Problem Set 2

Topics in Quantitative Finance

Instructions: This problem set is due on 9/12 at 11:59 pm CST and is an individual assignment. All problems must be handwritten. Scan your work and submit a PDF file.

Problem 1 An investor lives in a world with four possible future states of the economy. In each state, the consumption level is different, and the investor’s utility depends on consumption in each state. The states of the world are denoted as \mathcal{S} = \{1, 2, 3, 4\}, each occurring with equal probability.

The investor has a utility function u(c) = \ln(c), and the stochastic discount factor m(s) in state s is given by the formula: m(s) = \beta \frac{u'(c_{1}(s))}{u'(c_{0})}. In this problem the investor can trade contingent claims written in each state of the world, so that the market is complete and there is a unique stochastic discount factor.

The current consumption is 110, and consumption next period in each state of the world is given by the vector c_{1} = \begin{pmatrix} 110 & 130 & 80 & 160 \end{pmatrix}^\top

The investor impatience parameter is \beta = 0.95.

1. Compute the stochastic discount factor for each state of the world.

2. Compute the price of a risk-free bond paying 100 next period.

3. The investor is considering purchasing a risky asset that pays state-contingent cash flows given by: x = \begin{pmatrix} 10 & 25 & 5 & 30 \end{pmatrix}^\top Calculate the price and expected return of the risky asset based on the stochastic discount factors you computed earlier.

4. Compute the price and expected of a call option with strike price 10 written on x and expiring next period.

5. Compute the risk-neutral probabilities in each state of the world, and verify that the price of the call can also be computed as the risk-neutral expectation of the cash flows discounted at the risk-free rate.

6. Compute the maximum Sharpe ratio that can be achieved in this economy.

7. Compute the prices \pi_{i} of Arrow-Debreu securities that pay one unit in state i and zero otherwise. For example, \pi_{1} is the price of a security that pays \begin{pmatrix} 1 & 0 & 0 & 0 \end{pmatrix}^\top, and \pi_{3} is the price of a security that pays \begin{pmatrix} 0 & 0 & 1 & 0 \end{pmatrix}^\top.

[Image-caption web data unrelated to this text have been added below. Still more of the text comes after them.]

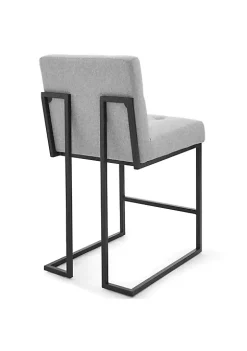 Best Pirce ⭐ Modway Privy Black Stainless Steel Upholstered Fabric Counter Stool Set of 2 - Black Light Gray EEI-4156-BLK-LGR 🧨 -Franco Sarto Sales Belk 1930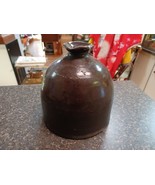 E. W. Farrington Elmira NY Stoneware Brown Large Whiskey Jug 8&quot; - €34,49 EUR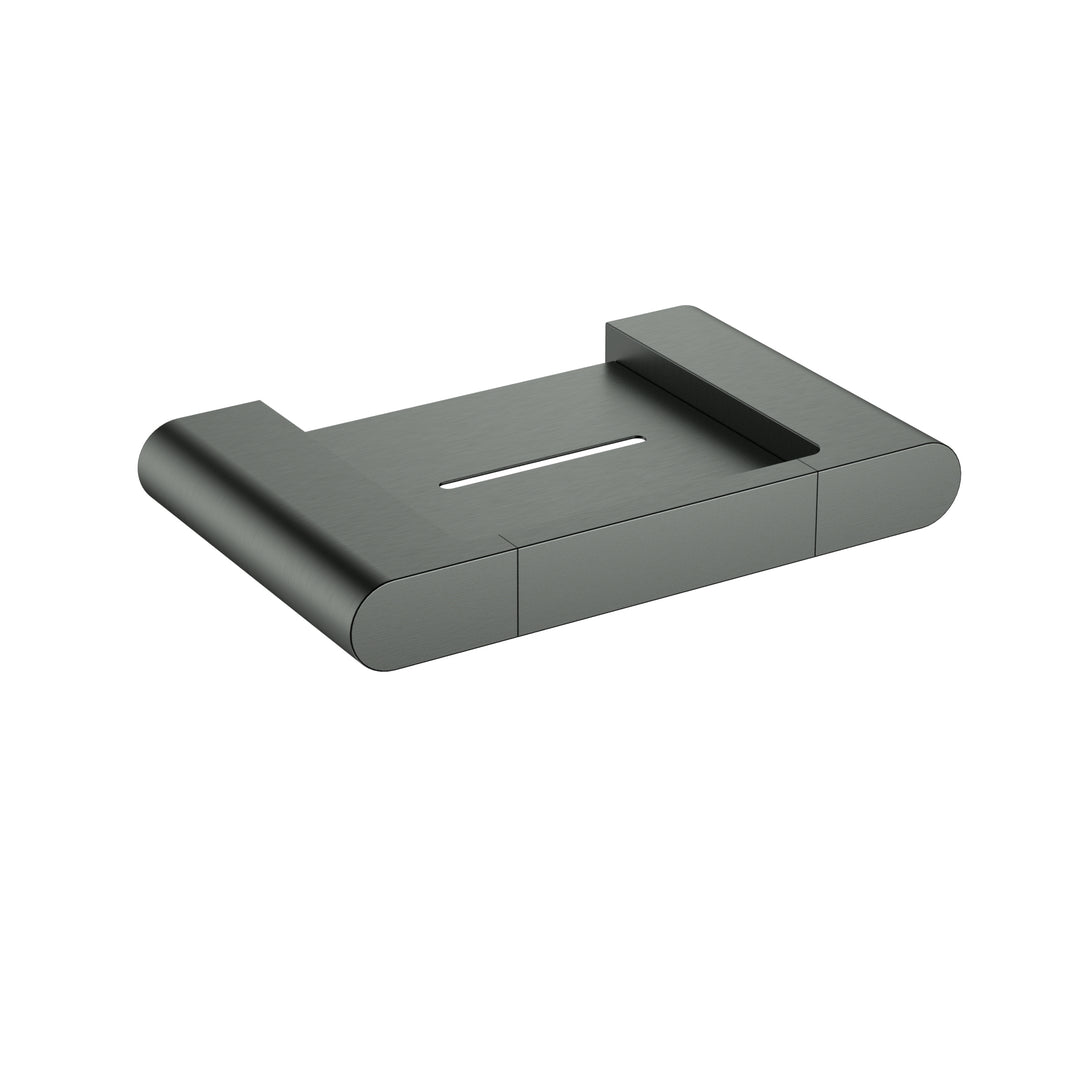Cora Soap Dish — Gunmetal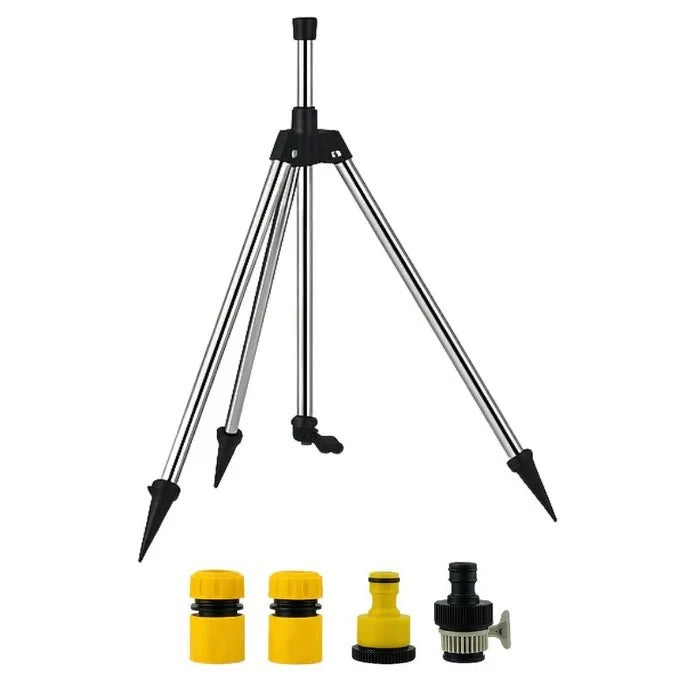 Tripod Sprinkler with Adjustable Rotation and High Pressure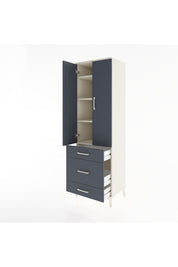 Hyperion Dolap 4 Raflı 3 Çekmeceli 2 Kapaklı 60x44x195 - S59M032V2B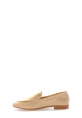 Laviovil İçi Dışı Hakiki Deri Bej Rahat Kadın Babet Ayakkabı AH084192615151321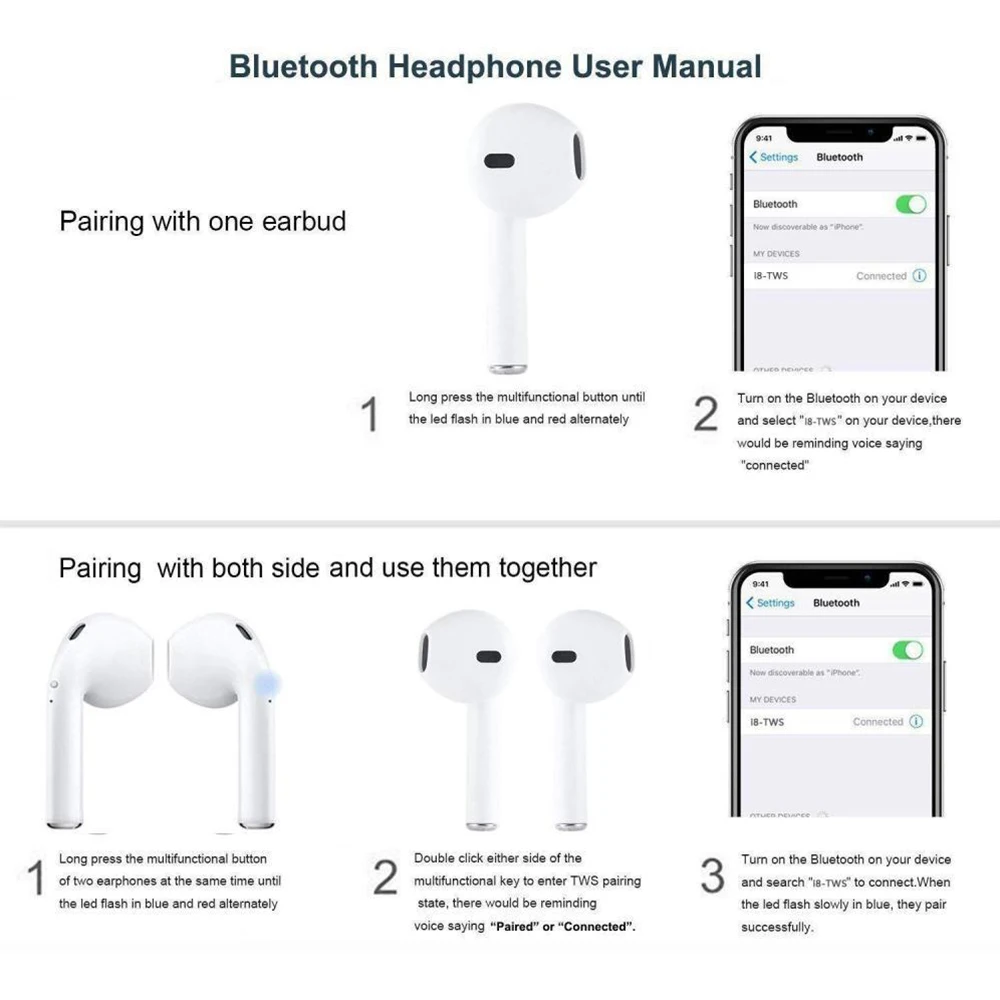 KULIAI i9s TWS Bluetooth беспроводные наушники для мобильного телефона fone de ouvido мини hands free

Using the Arrow-Debreu prices, show that there are no arbitrage opportunities in this economy.

8. Redo a. and b. assuming that u(c) = - \frac{1}{c}. Is the risk-free bond price higher or lower than in b.? Why?

Problem 2 Consider an investor with power utility so that u'(c) = c^{-\gamma} and the stochastic discount factor is given by m_{t + 1} = \beta \left(\frac{c_{t + 1}}{c_{t}}\right)^{-\gamma}. Assume that \Delta \ln c_{t + 1} = \ln c_{t + 1} - \ln c_{t} is conditionally normal with mean \operatorname{E}_{t}(\Delta \ln c_{t+1}) and variance \sigma_{t}^{2}(\Delta \ln c_{t+1}).

1. Show that m_{t + 1} = e^{- \delta - \gamma \Delta \ln c_{t+1}} if \beta = e^{-\delta}.

2. Using the fact that \operatorname{E}(e^{X}) = e^{\operatorname{E}(X) + 0.5 \sigma^{2}(X)} if X is normally distributed with mean \operatorname{E}(X) and variance \sigma^{2}(X), show that \operatorname{E}_{t}(m_{t+1}) = e^{-\delta - \gamma \operatorname{E}_{t}(\Delta \ln c_{t+1}) + \frac{\gamma^{2}}{2} \sigma_{t}^{2}(\Delta \ln c_{t+1})}.

3. Show that the log real risk-free rate defined as r^{f}_{t} = \ln(R^{f}_{t}) is given by r^{f}_{t} = \delta + \gamma \operatorname{E}_{t}(\Delta \ln c_{t+1}) - \frac{\gamma^{2}}{2} \sigma_{t}^{2}(\Delta \ln c_{t+1}).

4. If future consumption is suddenly expected to be higher than anticipated, what should happen to the risk-free rate?

5. If real interest rates are low, what does this tell us about future consumption relative to current consumption?

6. Why if the volatility of future consumption increases then the real interest rate decreases? Explain the intuition behind the formula.

Problem 3 An investor seeks to maximize their lifetime utility, which is modeled using a CRRA additive utility function: U(c_{t}, c_{t+1}, \dots) = \operatorname{E}_{t} \sum_{j = 0}^{\infty} \beta^{j} \ln c_{t + j}. Assuming consumption follows an endowment process, demonstrate that the price-to-consumption ratio of the endowment stream remains constant, irrespective of the stochastic properties of the consumption stream.